Seeking clear data collection at the source is what Pal’s Fremont, CA-based company is currently achieving via its eScource solution. The CliniOps application captures data offline at the source using a tablet-based application. Its features such as intelligent edit checks, integration with medical devices and software, e-consenting, and biometric verification during subject enrollment, ensures quality data capture at the source, thereby substantially reducing monitoring requirements. Data is available near real time for reporting and analysis. Mobile flexibility is also being hailed as the solution to overcome compliance challenges that come with clinical trials due to the FDA’s requirement to provide a heterogeneous mix of subject population.
“As part of another company, iKure, that provides sustainable healthcare to the last mile population in India and other developing countries, I had the opportunity to experience firsthand the data collection challenges in these resource poor settings,” said Pal. “Dependency on internet-based and PC-based solutions are major deterrents of adoption of EDC technologies because of lack of or sporadic internet connectivity, cramped clinic spaces, and general apathy of healthcare providers towards the use of PC for entering patient data.”
Additionally, most web-based applications require familiarity for data entry, that a more user-friendly interface on a mobile solution like CliniOps’ don’t, said Pal. Furthermore, a mobile solution is easier to use in more cramped and connectivity-challenged clinical environments. CliniOps has developed what appears to be a recognized, successful solution. Still, the question as to how much of the clinical trial process can be remedied via mobile solutions remains to be seen. For example, is it possible to recruit and actively connect with clinical trial participants from the comfort of their homes?
In the last few years, we’ve seen many companies forming the beginnings of a mobile clinical trial platform. In 2011, Pfizer ran its first online clinical trial for an overactive bladder treatment, in conjunction with its traditional process, to test the waters of the online medium. Lack of consumer participation stopped the effort after a year, however. While social media sites like Craigslist, Facebook, and Twitter were successful in leading consumers to the information of the trial, sign-up for the trial was too low. It was surmised that consumer trust in online sources was to blame.

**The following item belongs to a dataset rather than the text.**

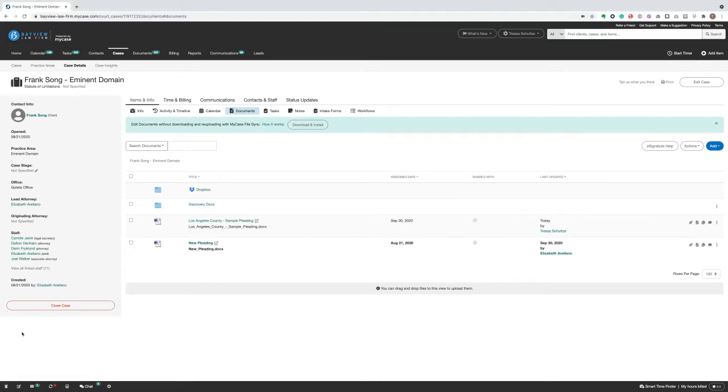With FileSync, you can seamlessly edit documents using the software of your choice, like Word, Adobe, or Excel, and sync changes back to MyCase instantaneously. You eliminate the hassle of downloading and re-uploading documents and can be confident that everyone has access to the latest version in MyCase.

Pfizer has since resumed its clinical trial pursuits, having more confidence that newly mobile evolution will bolster its efforts. “Technology is evolving at a rapid pace. I think it’s only a matter of time before our vision of complete digitalization of clinical trials will become a reality,” said Pal. “Only a few years back the ‘cloud’ was looked upon with skepticism, but over the years, it has gradually entered the mainstream as cloud security evolved over time. Technologies like smartphones, which were once accessible by only a select few, are now within the reach of almost everyone and people have become very comfortable with mobile technology.”
Although it’s been speculated that a digitized clinical trial environment won’t emerge until 2030, Pal disagrees. “Now that the FDA has officially accepted electronic sourcing of trial data, I think it’s only a matter of time, much before 2030, that the traditional clinical trial processes will be completely digitalized,” he said.
Thus, the time of change for clinical trials is upon us. How companies like CliniOps and Pfizer continue to connect to those around them will hopefully shed light on what else can be untapped in healthcare via mobile-driven solutions. We may not be ready to trust it all just yet, but that trust is evolving along with the technology, suggesting there may be more to gain from mobile than what meets the eye or, at least, the bottom line.